Lina Zeldovich grew up in a dissident family of Soviet scientists, listening to bedtime stories about volcanoes and black holes, and learned English as a second language in her twenties as an immigrant New Yorker. Now an award-winning author, speaker, and Columbia Journalism School alumna, she has published stories in Popular Science, The York Times, Smithsonian, National Geographic, Scientific American and more. Her previous book, “The Other Dark Matter: The Science and Business of Turning Waste into Wealth and Health,” has been optioned for a TV series. Her new book, “The Living Medicine: How a Lifesaving Cure Was Nearly Lost—and Why It Will Rescue Us When Antibiotics Fail” will be released from St. Martin’s Press in October 2024. The book unveils the story of the century-old, nearly forgotten antibiotic-free cure for drug-resistant infections that’s finally getting to the American clinic—and people who made it possible against all odds.
Bacteriophages—or “phages”—are living medicines: viruses that devour bacteria. Ubiquitous in the environment, they are found in water, soil, inside plants and animals, and in the human body. When phages were first recognized as medicines in 1917, their promise seemed limitless. Grown by scientists and physicians in France, the Soviet Union, and elsewhere, they cured cholera, dysentery, and even bubonic plague.
But after Stalin’s brutal purges and the rise of antibiotics, phage therapy was nearly lost to history—until today. THE LIVING MEDICINE reveals the remarkable history of phages, told through the lives of the French, Soviet, and American scientists who discovered, developed, and are reviving this unique cure for seemingly intractable diseases. Ranging from Paris to Soviet Georgia to Egypt, India, Kenya, and America, the Living Medicine shows how phages can save tens of thousands of lives today, when our antibiotic shield collapses.
To write this book, I travelled to Tbilisi, where I read family diaries, listened to stories at dinner tables, and combed through KGB records. As I was writing, I felt as if I knew the people whose story I was telling. I could see them, I could hear them talk, laugh and argue, I pained for them when they were arrested and tortured, and I cried as I wrote about their last moments. It’s been a privilege to write their story, and to show how science succeeds against all odds—because this method is finally in clinical trials.

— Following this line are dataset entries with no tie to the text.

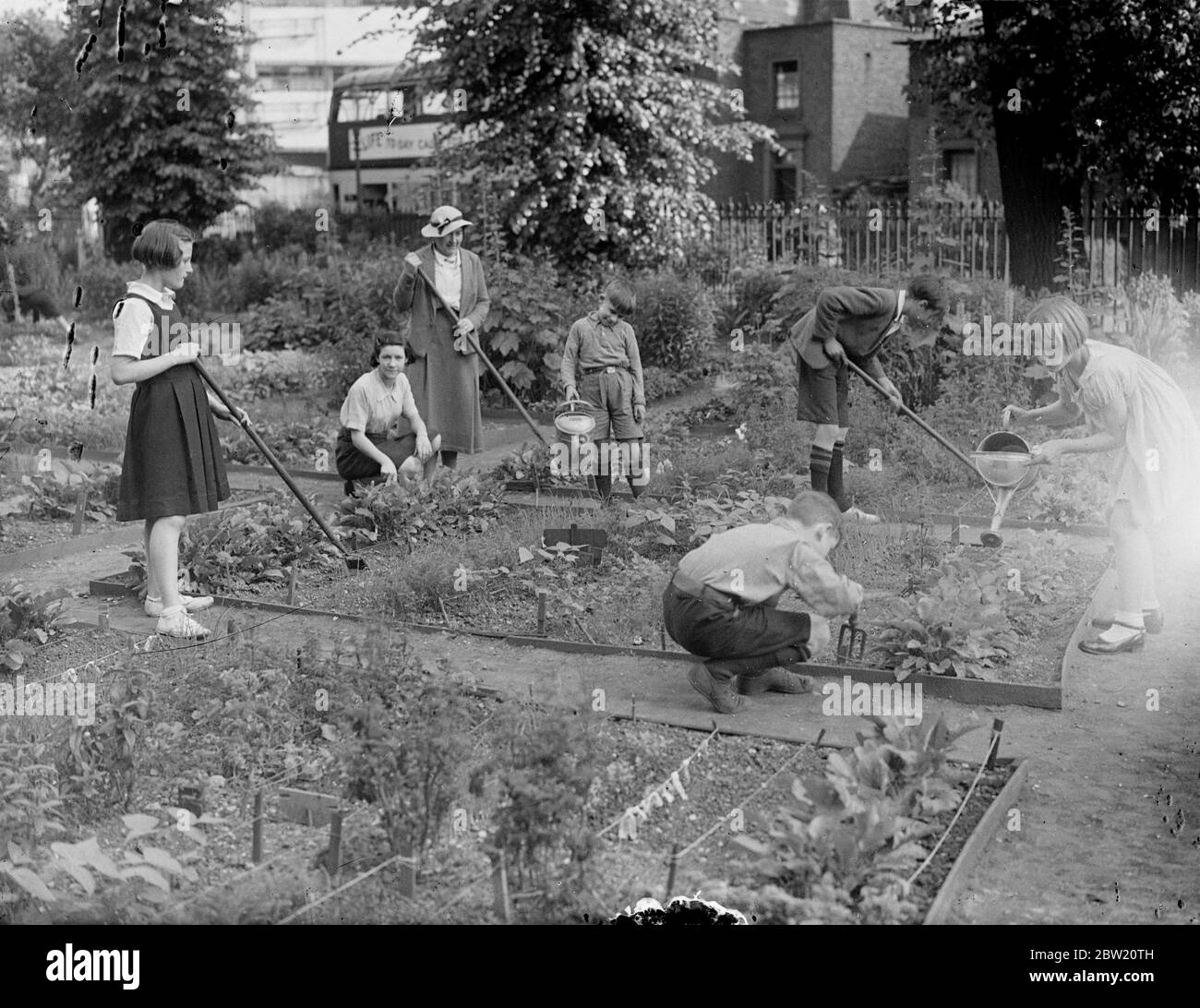 Les écoliers créent la beauté à partir d'un dépotoir. D'un taudis tawdry dépotoir caché dans une rue arrière de Camden Town les écoliers ont créé un joli jardin. La parcelle a été sécurisée pour eux par la London Children's Garden Guild et tout le travail a été fait dans leur temps libre. La Guilde prend en charge de nombreuses pièces du désert dans les quartiers les plus pauvres de Londres et les donne aux enfants pour qu'ils puissent passer leur temps loin des rues à apprendre l'art du jardinage. Des spectacles photo, les écoliers au travail dans le jardin. Ils ont produit à partir du tas de déchets de Camden Town. Banque D'Images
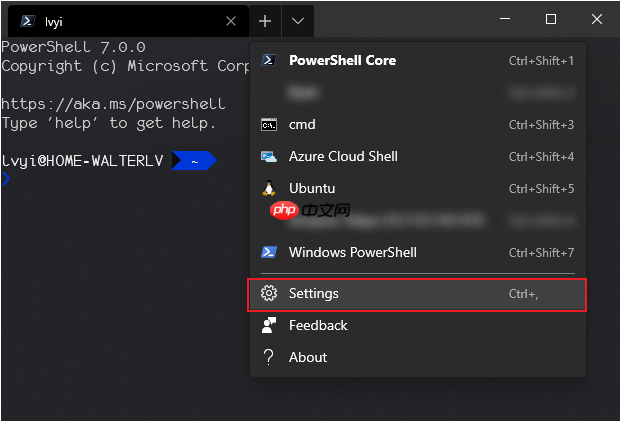 将 Windows Terminal 作为外部工具集成到其他工具/程序/代码中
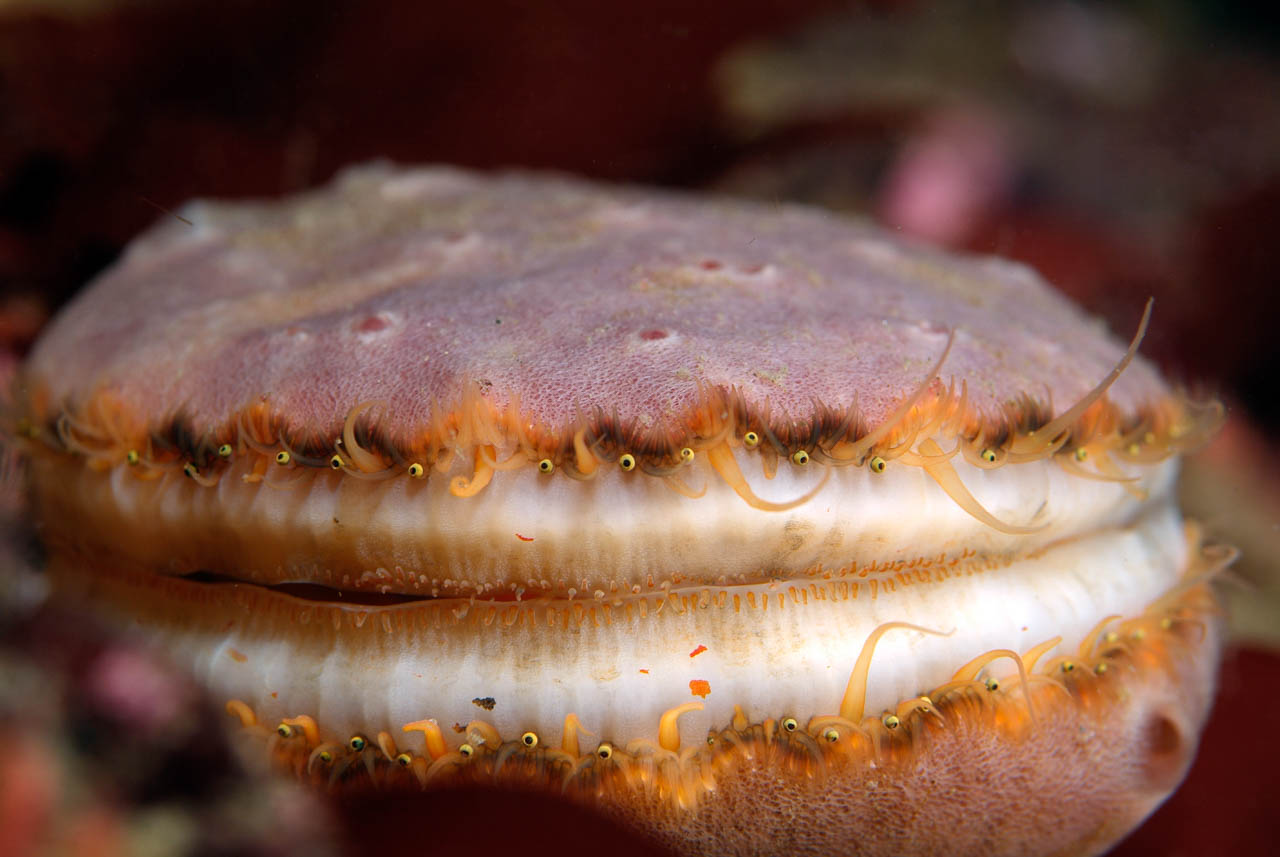 Scallops meeting in the cold waters of Vancouver Island.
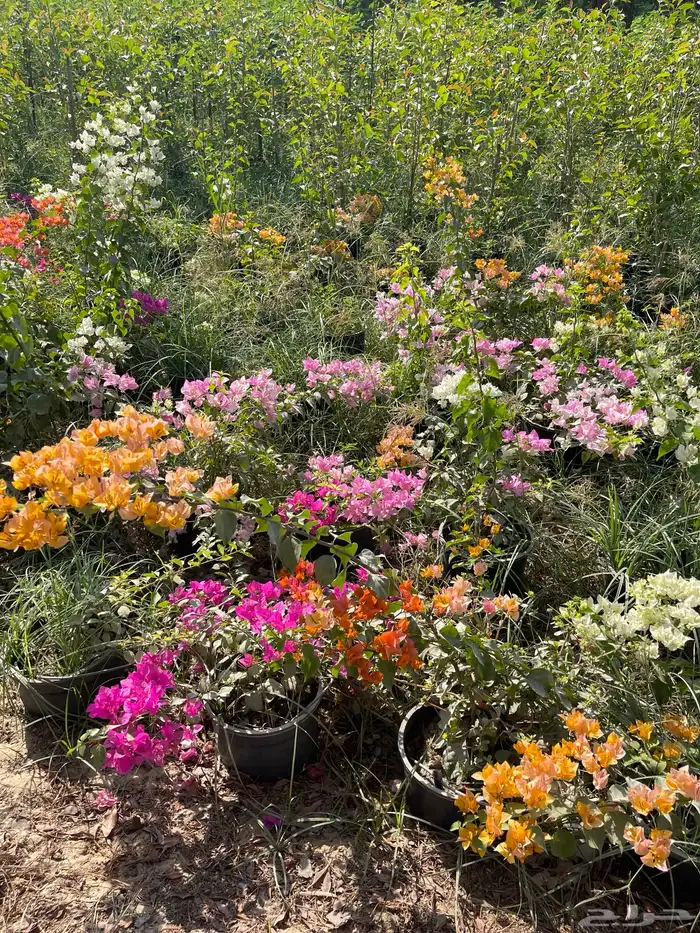 شتلات الجهنمية المجنونة مكبوسة 4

The Living Medicine is a thriller-like narrative about people who discovered phage therapy and people who revived it a century later. It tells the story of how it happened and why we should know about it—for our own health choices.
The average person produces about four hundred pounds of excrement a year. More than seven billion people live on this planet. Holy crap!

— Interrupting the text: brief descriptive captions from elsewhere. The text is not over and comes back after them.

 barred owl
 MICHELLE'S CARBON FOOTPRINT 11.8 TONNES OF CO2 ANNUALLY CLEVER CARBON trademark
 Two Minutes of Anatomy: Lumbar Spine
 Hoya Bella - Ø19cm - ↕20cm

Because of the diseases it spreads, we have learned to distance ourselves from our dark matter, but the long line of engineering marvels we’ve created to do so—from Roman sewage systems and medieval latrines to the immense, computerized treatment plants we use today—have also done considerable damage to the earth’s ecology. Now scientists tell us: we’ve been wasting our waste. When recycled correctly, this resource, cheap and widely available, can be converted into a sustainable energy source, act as an organic fertilizer, provide effective medicinal therapy for antibiotic-resistant bacterial infections, and much more. Hygienic waste repurposing can help battle climate change, reduce acid rain, and eliminate toxic algal blooms. Grossly ambitious, fully scientific and recently optioned to be a TV series, THE OTHER DARK MATTER shows how human excrement can be a life-saving, money-making resource—if we make better use of it!